Where the hardware is related to the software is in the language settings. Macs and PCs differ in their language settings, and it is good to consider this difference when it comes to comma delimiters, number formats etc. These settings often have a severe influence onto Excel- and .csv-files, which is why it is wise to use number formats without any dots at 000 number groups, and to definitely use points and not commas. Also, switch your computer to English settings, which is a source of many errors. Please forget that any other letters outside of the english language exist, since this is a constant source of error. In addition, some Internet resources are a bit picky when it comes to the browser, hence using at least two browsers seems preferable, and Firefox has proven to be rather robust.


The software and settings

I believe that R base is the weapon of a Jedi. Not as clumsy or random as R Studio; an elegant weapon for a more civilised age.

The bare minimum is to install R, though most people these days also install R Studio. It is also good to have a code file that automatically installs the most important packages that you may need. Slack or other chat software is essential to exchange code with others. However, remember that Social media can be a time sink. Many R programmers rely on Github, Reddit and other such Internet forums.

Considering the organisation of your hard drive, make a long term structure. You will not remember in which semester you did this course in 5 years, yet time goes on. Try to use a structure that is long term, but focuses on your current work. I propose that folders that equal a canvas structure can be quite helpful, allowing you to systematise the project you are currently working on. I work in a Canvas structure about the publications I currently work on, and move finished projects into folders that are sorted by countries. Also, you may want to link this to a Notion-fuelled data base, which can help you to keep track of your projects and deliverables. Some people use Notion also as a platform for a second brain, however I use 'roam research' to this end, because is resembles my personal structure of thinking more.

Make backups. Nothing is more horrible to a programmer than a data loss. Have at least three physical backups, and ideally also at least two online backups.
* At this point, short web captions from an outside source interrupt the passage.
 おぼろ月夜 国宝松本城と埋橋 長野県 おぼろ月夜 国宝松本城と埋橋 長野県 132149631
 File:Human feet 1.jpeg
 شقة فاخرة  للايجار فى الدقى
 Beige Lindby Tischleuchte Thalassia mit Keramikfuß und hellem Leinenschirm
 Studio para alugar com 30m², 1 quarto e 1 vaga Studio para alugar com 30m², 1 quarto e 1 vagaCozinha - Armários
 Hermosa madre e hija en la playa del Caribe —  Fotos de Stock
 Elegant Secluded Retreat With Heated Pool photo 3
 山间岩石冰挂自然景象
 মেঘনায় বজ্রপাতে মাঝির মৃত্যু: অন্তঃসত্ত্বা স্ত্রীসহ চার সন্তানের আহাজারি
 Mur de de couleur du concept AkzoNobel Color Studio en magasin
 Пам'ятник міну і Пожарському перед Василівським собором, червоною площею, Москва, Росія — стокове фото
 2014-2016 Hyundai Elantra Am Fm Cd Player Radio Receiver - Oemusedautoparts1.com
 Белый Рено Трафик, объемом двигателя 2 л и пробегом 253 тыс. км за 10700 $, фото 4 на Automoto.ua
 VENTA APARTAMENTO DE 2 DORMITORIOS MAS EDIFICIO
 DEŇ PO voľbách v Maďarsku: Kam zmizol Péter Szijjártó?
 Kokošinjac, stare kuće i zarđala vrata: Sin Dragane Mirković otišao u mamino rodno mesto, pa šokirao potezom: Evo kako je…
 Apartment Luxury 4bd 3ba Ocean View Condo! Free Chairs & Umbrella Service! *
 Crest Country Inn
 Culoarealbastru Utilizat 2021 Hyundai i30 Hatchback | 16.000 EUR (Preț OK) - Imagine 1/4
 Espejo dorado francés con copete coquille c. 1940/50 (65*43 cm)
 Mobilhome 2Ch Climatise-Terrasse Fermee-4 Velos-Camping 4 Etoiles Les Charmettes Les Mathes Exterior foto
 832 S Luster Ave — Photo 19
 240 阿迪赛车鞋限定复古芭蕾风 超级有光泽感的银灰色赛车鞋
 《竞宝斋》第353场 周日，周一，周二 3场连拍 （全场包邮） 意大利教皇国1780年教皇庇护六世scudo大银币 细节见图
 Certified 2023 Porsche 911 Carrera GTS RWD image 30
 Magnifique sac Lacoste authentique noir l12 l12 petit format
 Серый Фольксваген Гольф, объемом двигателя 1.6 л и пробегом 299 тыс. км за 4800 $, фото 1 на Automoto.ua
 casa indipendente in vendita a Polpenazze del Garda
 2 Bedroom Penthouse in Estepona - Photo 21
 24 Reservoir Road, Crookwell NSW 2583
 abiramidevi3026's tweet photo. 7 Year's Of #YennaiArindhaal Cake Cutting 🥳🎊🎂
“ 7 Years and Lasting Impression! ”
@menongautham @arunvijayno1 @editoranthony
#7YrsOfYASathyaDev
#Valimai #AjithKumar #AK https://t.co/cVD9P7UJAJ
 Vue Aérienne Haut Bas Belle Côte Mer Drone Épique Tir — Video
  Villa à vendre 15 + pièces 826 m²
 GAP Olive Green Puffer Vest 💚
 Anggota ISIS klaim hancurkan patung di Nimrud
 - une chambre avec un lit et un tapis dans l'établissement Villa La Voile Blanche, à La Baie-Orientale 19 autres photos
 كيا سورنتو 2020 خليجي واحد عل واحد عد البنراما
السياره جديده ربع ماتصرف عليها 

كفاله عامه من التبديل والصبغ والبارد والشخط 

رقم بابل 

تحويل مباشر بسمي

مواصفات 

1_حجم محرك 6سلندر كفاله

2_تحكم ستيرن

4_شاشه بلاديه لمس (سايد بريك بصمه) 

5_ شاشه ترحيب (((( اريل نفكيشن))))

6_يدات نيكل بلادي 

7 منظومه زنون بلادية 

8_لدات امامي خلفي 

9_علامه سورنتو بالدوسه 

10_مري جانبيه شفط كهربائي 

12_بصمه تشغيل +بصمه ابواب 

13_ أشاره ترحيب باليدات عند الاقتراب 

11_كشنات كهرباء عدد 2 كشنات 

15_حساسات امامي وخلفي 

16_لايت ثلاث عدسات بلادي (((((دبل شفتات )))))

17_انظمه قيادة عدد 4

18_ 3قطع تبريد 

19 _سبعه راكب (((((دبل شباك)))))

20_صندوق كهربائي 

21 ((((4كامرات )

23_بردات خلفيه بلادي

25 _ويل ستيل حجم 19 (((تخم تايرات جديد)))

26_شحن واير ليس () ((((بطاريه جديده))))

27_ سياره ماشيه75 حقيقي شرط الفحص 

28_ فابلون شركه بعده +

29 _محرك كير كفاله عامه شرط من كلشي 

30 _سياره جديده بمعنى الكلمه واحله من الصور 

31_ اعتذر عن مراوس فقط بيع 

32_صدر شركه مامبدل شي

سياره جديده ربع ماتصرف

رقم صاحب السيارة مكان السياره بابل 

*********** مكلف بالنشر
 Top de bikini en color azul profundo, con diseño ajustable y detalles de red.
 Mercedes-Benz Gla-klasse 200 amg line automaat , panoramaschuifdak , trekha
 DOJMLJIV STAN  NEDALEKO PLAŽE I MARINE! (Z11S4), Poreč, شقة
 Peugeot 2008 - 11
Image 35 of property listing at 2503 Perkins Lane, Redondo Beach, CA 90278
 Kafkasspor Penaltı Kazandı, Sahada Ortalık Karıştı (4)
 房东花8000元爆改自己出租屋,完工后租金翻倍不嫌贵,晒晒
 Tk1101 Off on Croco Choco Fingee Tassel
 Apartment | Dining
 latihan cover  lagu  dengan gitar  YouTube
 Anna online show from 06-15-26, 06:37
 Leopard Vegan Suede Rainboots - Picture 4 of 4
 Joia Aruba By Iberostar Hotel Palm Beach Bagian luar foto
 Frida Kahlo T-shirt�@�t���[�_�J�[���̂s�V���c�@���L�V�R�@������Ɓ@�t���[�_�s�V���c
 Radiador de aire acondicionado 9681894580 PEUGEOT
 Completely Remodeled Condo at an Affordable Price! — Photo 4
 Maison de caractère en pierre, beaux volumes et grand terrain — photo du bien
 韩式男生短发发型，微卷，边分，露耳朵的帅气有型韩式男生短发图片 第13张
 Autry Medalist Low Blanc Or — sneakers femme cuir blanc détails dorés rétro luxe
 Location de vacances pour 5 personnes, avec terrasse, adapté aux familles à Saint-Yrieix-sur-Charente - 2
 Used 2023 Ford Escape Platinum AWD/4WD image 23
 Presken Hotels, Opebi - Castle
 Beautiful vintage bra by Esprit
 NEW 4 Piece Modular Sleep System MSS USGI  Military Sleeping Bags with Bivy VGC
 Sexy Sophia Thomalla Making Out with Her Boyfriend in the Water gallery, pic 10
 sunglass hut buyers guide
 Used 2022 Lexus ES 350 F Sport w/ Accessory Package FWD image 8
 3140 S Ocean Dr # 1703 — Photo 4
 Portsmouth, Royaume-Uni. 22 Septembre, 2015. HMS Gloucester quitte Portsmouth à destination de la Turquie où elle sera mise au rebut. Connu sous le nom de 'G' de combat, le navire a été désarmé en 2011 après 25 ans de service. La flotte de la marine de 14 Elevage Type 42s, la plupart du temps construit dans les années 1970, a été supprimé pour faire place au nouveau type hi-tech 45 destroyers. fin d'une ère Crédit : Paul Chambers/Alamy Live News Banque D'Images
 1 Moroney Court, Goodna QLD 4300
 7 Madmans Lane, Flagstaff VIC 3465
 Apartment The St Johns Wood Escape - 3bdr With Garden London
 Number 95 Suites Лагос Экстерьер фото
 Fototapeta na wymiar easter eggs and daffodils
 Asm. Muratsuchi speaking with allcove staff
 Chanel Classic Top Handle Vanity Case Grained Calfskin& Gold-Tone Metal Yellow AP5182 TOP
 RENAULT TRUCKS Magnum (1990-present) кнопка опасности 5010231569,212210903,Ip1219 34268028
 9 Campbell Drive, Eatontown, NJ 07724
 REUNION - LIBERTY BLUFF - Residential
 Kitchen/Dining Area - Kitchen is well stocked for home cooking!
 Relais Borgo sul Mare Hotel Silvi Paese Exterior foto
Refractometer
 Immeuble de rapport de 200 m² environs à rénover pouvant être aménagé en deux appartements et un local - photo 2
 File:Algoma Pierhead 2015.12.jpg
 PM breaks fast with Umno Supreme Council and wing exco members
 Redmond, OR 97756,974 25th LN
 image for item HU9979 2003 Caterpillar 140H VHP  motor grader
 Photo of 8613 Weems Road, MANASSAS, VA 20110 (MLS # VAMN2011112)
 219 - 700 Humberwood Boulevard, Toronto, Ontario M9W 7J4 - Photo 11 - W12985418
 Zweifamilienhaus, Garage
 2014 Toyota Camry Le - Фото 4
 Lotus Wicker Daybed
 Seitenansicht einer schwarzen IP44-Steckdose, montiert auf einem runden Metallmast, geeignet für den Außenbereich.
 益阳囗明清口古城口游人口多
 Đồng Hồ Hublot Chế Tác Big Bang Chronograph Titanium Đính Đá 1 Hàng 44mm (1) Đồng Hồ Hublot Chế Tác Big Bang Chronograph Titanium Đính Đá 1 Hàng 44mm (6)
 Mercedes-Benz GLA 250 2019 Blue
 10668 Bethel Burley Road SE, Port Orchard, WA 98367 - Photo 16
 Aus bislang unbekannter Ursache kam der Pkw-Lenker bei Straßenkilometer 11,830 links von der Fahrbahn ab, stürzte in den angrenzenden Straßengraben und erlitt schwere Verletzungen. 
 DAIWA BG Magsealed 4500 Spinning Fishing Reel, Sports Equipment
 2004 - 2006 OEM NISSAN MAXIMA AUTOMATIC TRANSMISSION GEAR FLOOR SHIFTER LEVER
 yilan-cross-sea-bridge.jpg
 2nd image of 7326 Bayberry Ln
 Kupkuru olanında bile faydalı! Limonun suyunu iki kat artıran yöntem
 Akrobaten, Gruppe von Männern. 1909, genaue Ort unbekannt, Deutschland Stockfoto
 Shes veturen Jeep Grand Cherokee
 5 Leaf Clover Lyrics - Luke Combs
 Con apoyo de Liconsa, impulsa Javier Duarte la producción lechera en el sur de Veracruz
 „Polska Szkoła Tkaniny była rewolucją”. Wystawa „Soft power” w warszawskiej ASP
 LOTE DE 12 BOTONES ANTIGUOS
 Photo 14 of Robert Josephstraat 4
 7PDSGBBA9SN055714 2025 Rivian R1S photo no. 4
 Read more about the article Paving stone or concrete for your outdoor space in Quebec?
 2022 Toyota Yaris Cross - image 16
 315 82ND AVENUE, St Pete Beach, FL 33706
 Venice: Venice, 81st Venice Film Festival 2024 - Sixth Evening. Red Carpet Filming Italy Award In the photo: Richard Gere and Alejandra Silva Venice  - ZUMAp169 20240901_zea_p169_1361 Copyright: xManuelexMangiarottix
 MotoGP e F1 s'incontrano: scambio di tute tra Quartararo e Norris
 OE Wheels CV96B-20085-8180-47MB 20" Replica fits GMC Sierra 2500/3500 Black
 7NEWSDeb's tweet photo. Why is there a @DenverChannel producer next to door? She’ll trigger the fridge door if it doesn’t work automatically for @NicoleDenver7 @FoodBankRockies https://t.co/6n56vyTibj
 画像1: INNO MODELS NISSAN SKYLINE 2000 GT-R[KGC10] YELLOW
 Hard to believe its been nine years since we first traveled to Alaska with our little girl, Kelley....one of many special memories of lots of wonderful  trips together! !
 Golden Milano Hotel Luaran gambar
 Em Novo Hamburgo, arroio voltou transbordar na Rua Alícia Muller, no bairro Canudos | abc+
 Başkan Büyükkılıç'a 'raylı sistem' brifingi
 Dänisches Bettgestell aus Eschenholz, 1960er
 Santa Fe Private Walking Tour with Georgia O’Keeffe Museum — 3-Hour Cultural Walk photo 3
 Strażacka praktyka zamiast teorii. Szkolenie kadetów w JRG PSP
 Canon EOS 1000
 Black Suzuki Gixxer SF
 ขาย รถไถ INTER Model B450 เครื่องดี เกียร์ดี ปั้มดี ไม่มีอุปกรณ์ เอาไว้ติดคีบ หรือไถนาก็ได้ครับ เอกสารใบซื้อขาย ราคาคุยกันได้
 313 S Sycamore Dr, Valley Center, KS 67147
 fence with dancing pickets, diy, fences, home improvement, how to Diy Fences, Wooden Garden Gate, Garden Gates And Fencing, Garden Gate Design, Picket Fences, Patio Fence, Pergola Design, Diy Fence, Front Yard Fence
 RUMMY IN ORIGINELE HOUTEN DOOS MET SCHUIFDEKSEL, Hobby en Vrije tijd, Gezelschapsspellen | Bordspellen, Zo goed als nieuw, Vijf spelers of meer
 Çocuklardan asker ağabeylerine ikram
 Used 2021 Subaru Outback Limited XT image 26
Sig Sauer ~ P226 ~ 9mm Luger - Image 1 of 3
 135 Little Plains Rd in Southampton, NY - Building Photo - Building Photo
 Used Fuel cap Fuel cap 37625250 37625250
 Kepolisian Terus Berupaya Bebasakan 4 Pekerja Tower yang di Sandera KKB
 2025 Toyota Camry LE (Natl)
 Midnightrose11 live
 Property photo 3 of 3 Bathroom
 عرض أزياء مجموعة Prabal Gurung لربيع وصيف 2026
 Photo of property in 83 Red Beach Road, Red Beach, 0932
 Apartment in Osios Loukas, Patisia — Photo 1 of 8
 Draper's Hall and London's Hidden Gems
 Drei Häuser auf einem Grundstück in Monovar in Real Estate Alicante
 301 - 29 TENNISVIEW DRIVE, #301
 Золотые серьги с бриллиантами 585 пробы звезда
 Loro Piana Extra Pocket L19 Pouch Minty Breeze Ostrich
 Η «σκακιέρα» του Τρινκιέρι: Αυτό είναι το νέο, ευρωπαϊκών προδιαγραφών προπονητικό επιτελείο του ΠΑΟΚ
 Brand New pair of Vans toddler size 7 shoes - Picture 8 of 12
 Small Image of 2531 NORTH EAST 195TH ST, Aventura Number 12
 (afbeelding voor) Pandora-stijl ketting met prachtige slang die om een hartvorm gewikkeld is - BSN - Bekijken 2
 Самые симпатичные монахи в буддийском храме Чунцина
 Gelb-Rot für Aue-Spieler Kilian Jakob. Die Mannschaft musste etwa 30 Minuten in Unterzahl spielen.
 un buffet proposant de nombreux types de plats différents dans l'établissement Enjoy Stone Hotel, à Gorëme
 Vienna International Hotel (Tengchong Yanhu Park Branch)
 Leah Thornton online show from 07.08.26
Make a clear backup plan, where you have short term, mid term and long term backups that allow you a nested structure in case you have a fatal system flaw. I once almost went through a data loss, and I would like to have this feeling never again. Hence I have a dozen hard drive backups (ok, a bit too much), two time machines, a raid and dropbox as well as iCloud. In addition, I always have a SSD with me and use MicroSD cards for the core business. I divide my data into four sections:

  • 1) All R stuff, which is as of today about 22 GB. This is the most important data plus Code. The Code files are a few MB, but I prefer to keep some data in case I want to get back at it. For some more intense calculations I also saved the workspace into a file, however these are rare exceptions.
  • 2) The larger datasets are on hard drives, where I keep a backup structure two have the data associated to published papers on two hard drives, one at University, and one at home.
  • 3) All writing and presentations (about 60 GB, mostly because of teaching presentations, the word files are a few hundred MB), so basically all "office" related files are in my documents folder. This one is stout across all my technical Units, so if I work on the laptop it automatically syncs to my desktop computer. The latter one is also connected to
  • 4) All movie files. Filming eats up hard drive space in terabytes, and I went to only keeping the raw originals, the final cut projects and the finally rendered movies. Everything in between I delete once a project is finished.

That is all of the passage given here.